Site of Special Scientific Interest in Gloucestershire, England

Yarley Meadows is a 12.2 ha biological Site of Special Scientific Interest in Gloucestershire, England, notified in 1987.

==Location and habitat==

The site, which consists of three fields, is in the south of Gloucestershire and is adjacent to Lower Woods which is also an SSSI. The meadows are unimproved neutral grassland. They are traditionally managed and support a diversity of species. Such grassland is now rare in the United Kingdom.

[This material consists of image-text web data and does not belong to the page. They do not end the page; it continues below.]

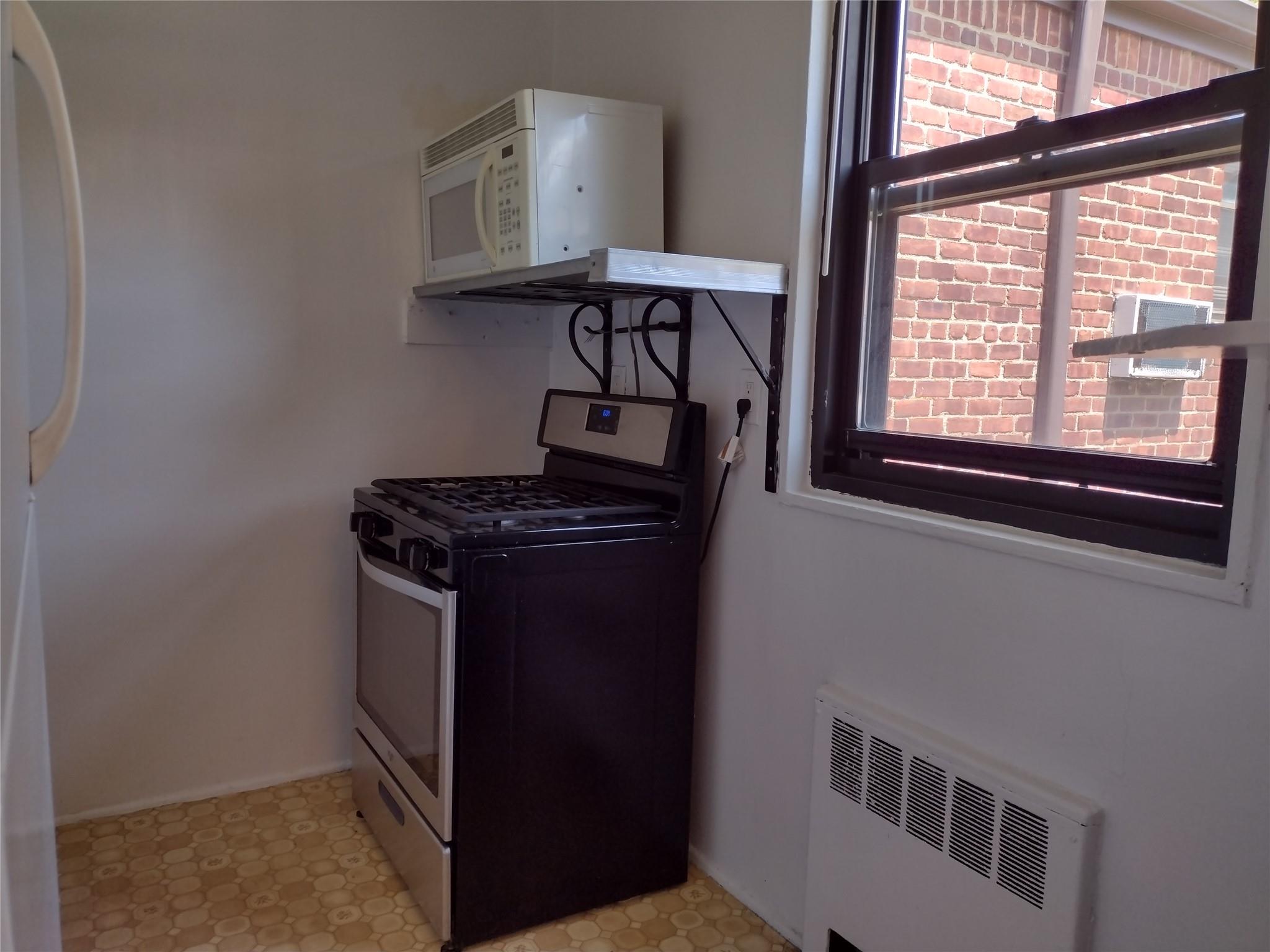 242-52 Horace Harding # 2, Douglaston, NY 11362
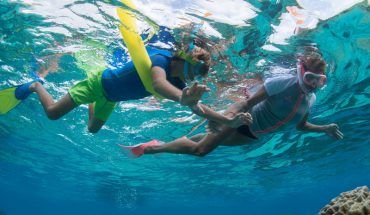 crianças praticando snorkeling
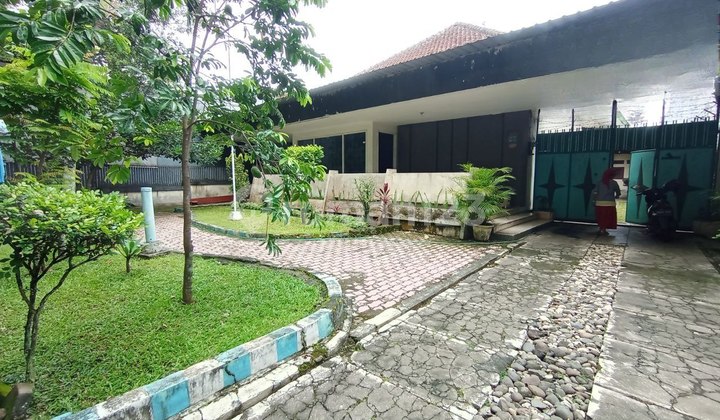 Rumah Klasik Super Strategis di Jl Gunung-Gunung Malang 2
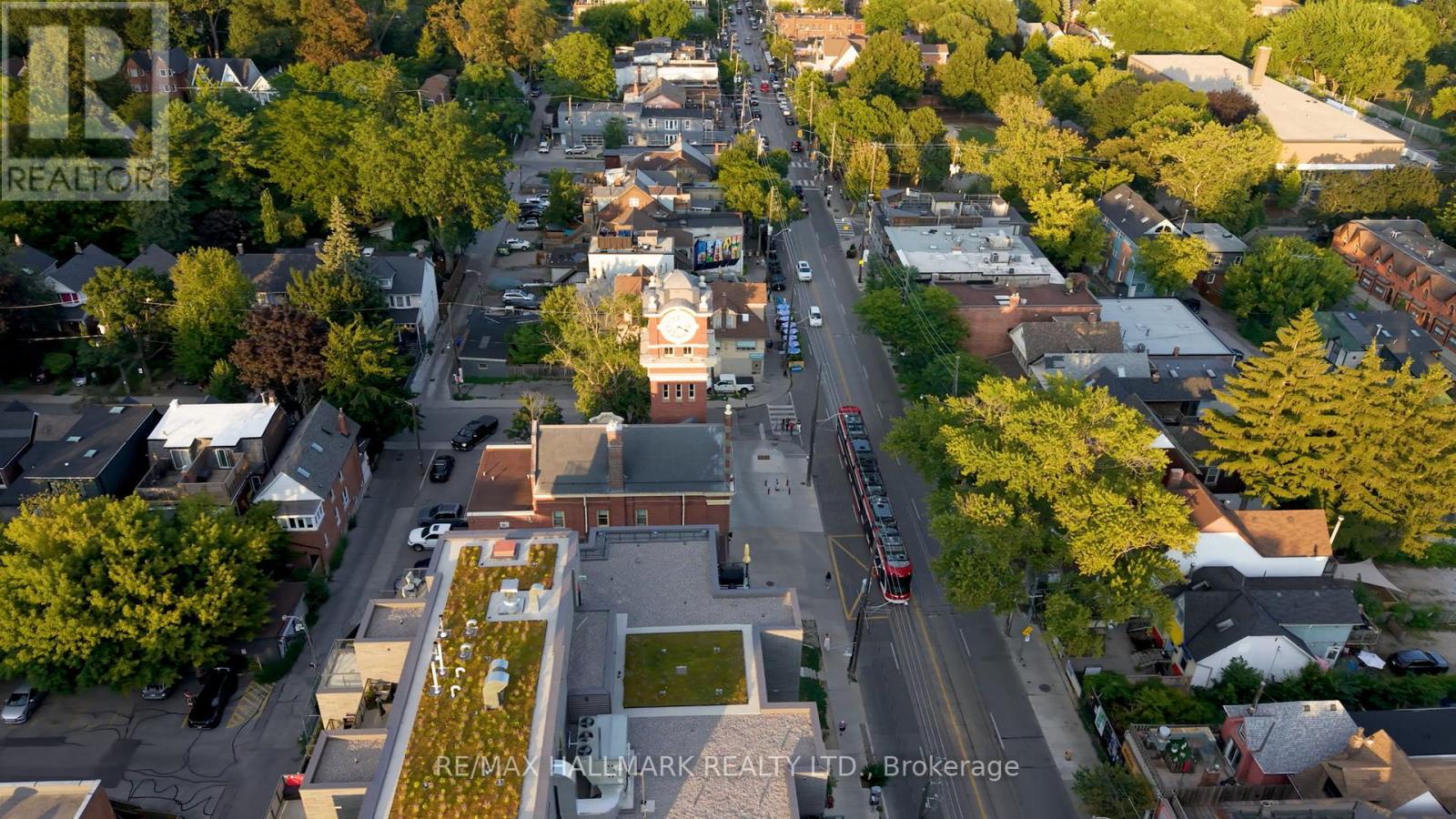 Upper - 25 Scarboro Beach Boulevard, Toronto, Ontario  M4E 2W9 - Photo 31 - E13787810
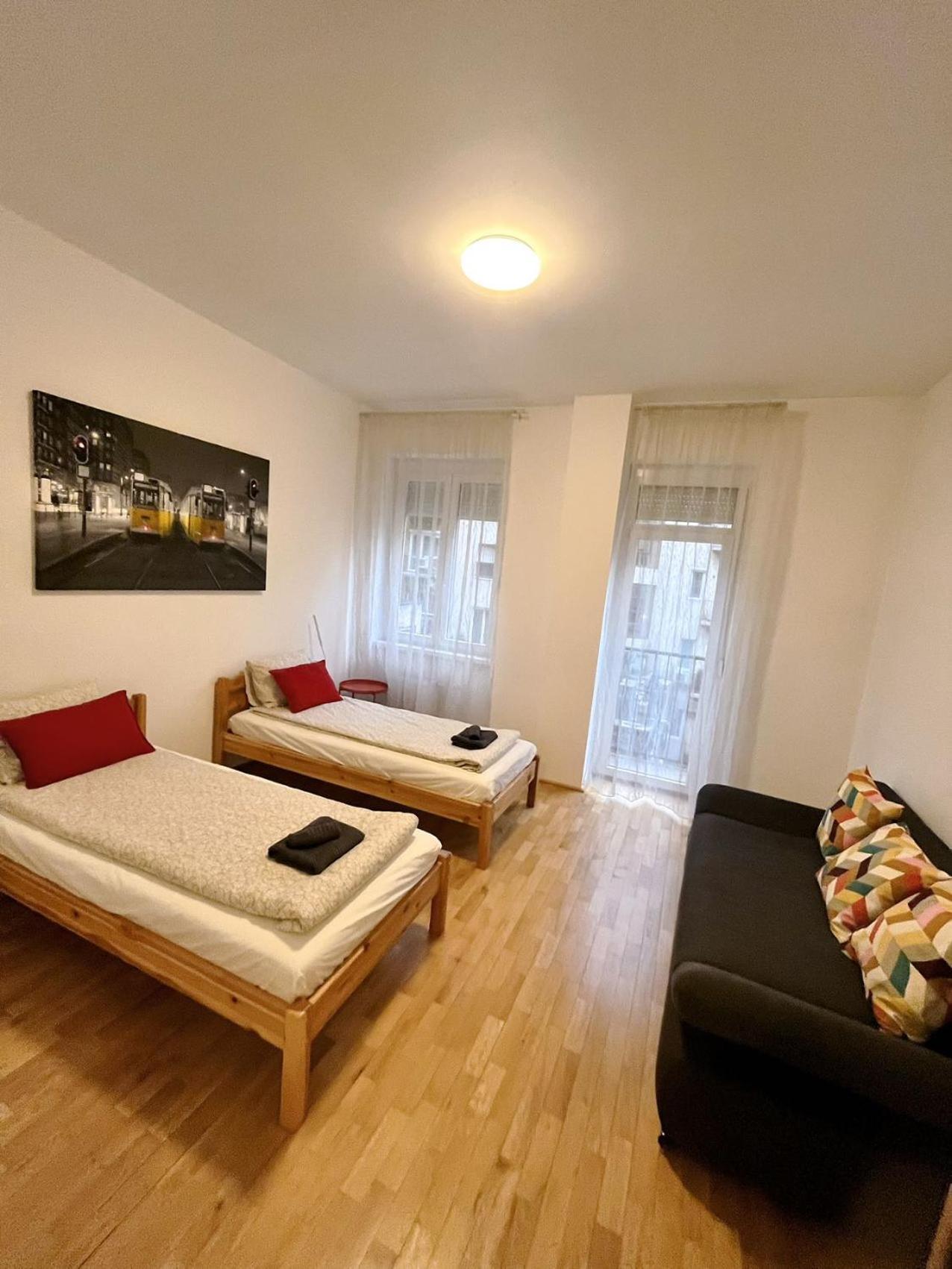 Boutique Family Apartment In The Heart Of City Budapest Kültér fotó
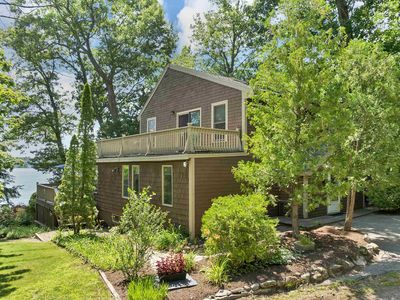 8-11 River Road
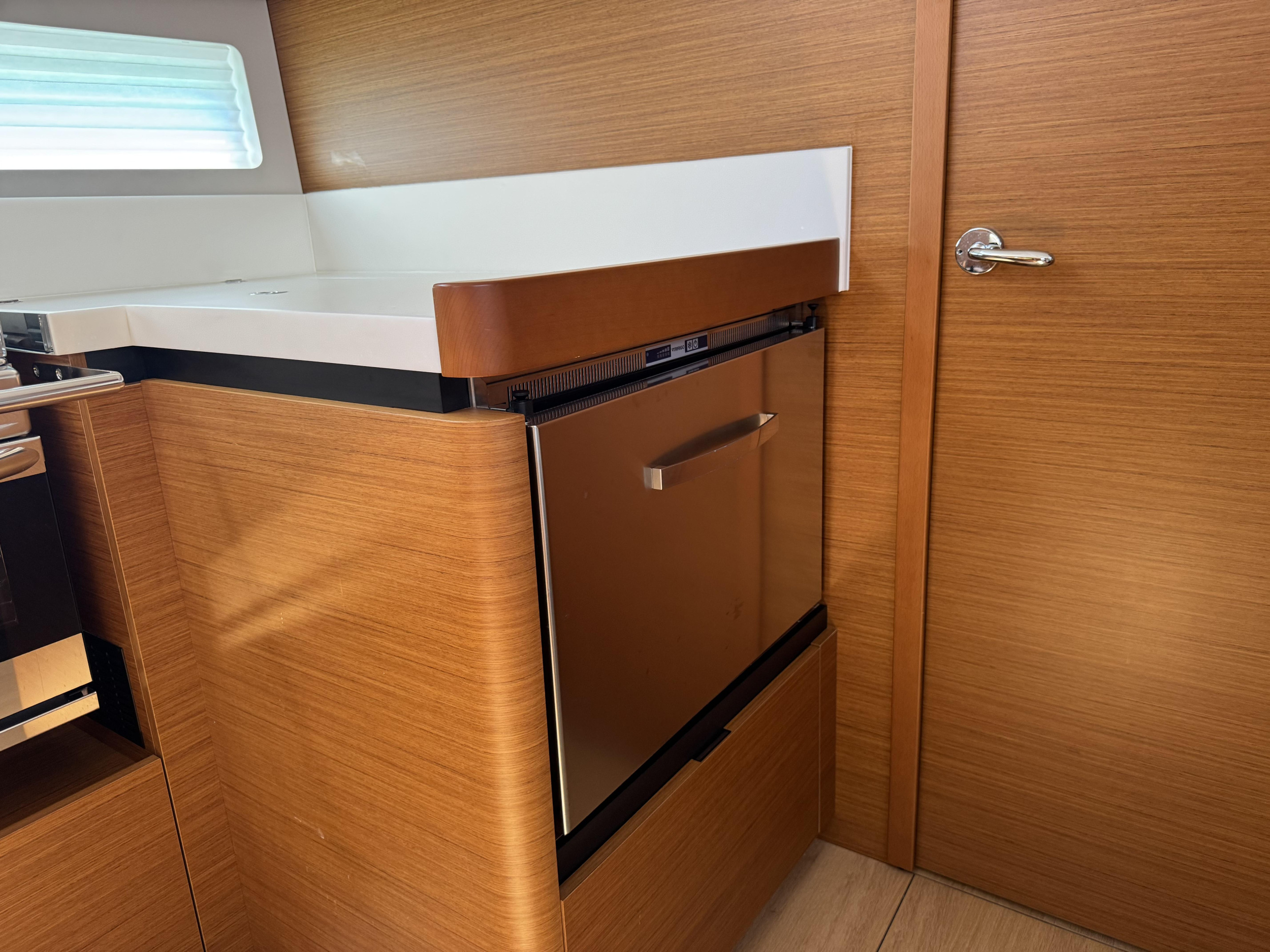 Sun Odyssey 490 — photo 4
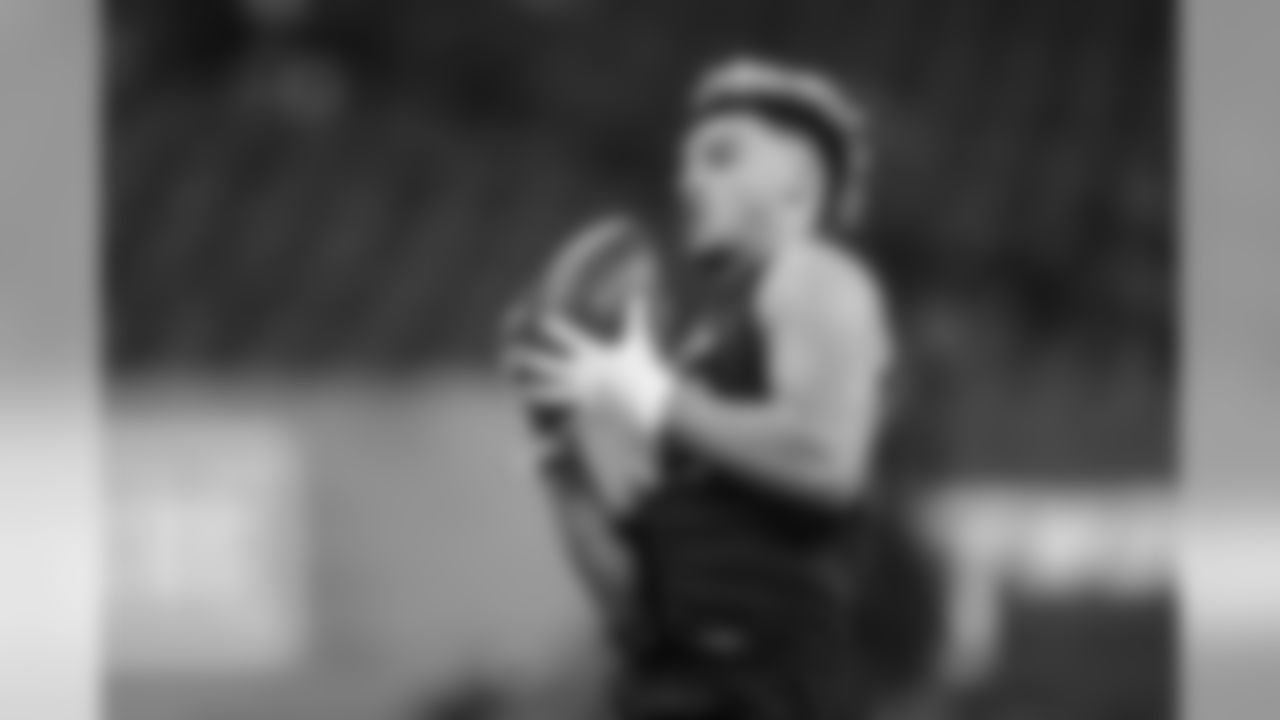 Washington wide receiver Aaron Fuller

The meadows are on Jurassic and Cretaceous clays (Denchworth Series). They are waterlogged in the winter months and poorly drained. Mature hedges surround and breakup the meadows and there are ponds in two fields.

==Flora==
The grass species include crested dog's-tail, sweet vernal-grass, Yorkshire fog, red fescue and quaking-grass. Sedge and rush are in abundance in the wetter parts of the fields and include glaucous sedge, hairy sedge, soft rush and hard rush.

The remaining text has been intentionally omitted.